# WHAT IS REQUIRED
Every line from the one with "CLOUDS STUDIO –" to the end of the listing below must be printed exactly, with no other text and no pictures.

# COLLECTED DATA
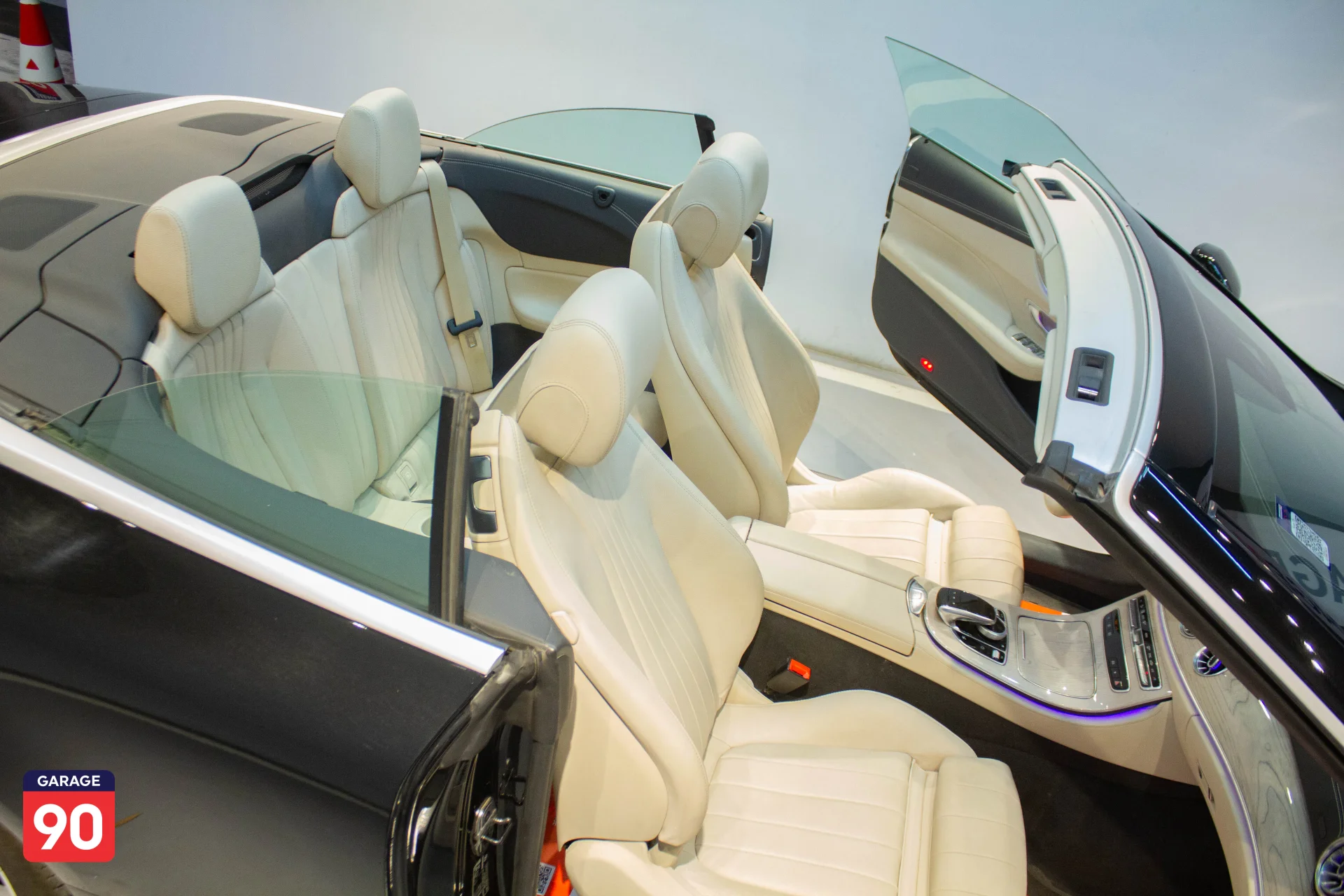 Mercedes E200 Cabriolet AMG Import 2021 - صورة 8
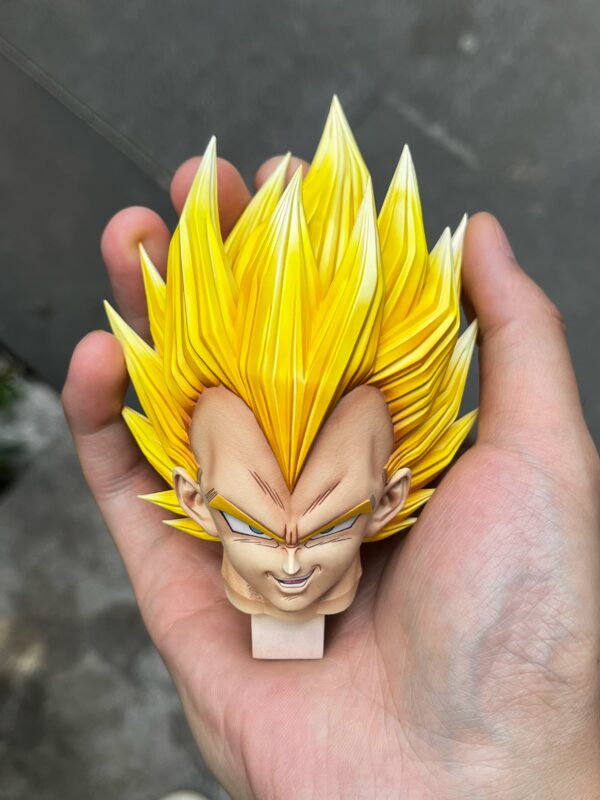 CLOUDS STUDIO – DRAGON BALL Z: SUPER SAIYAN VEGETA [SOLD OUT] - Image 20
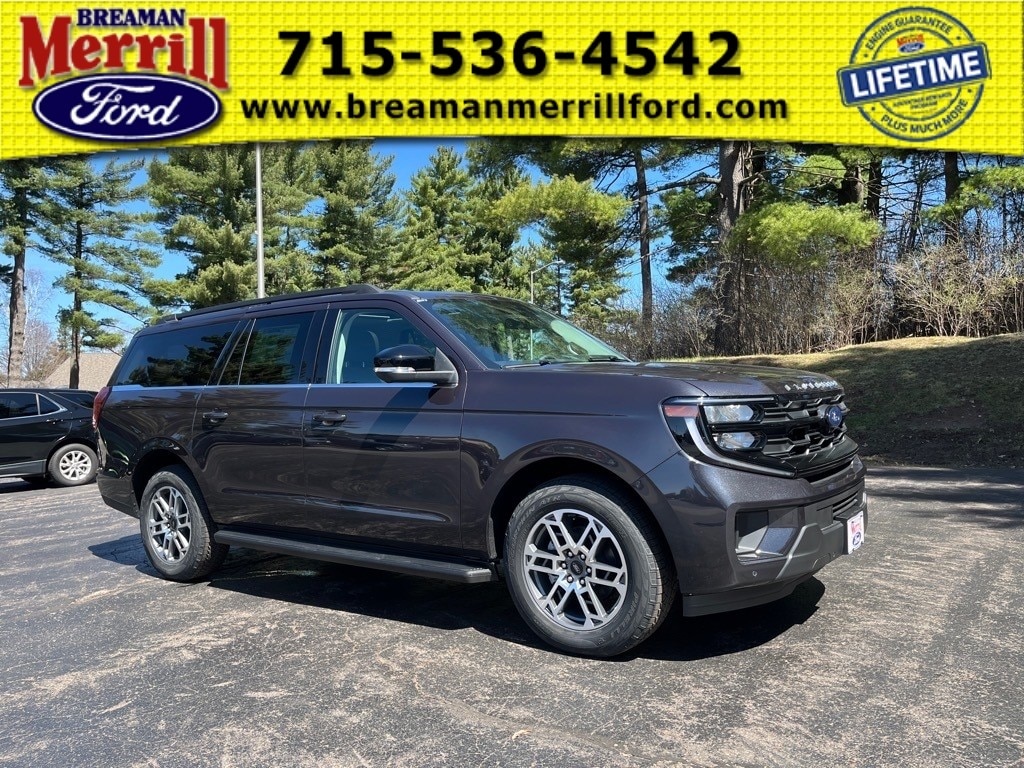 2026 Ford Expedition Active MAX 4x4's photo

# REPLY TO THE TASK
 CLOUDS STUDIO – DRAGON BALL Z: SUPER SAIYAN VEGETA [SOLD OUT] - Image 20
 2026 Ford Expedition Active MAX 4x4's photo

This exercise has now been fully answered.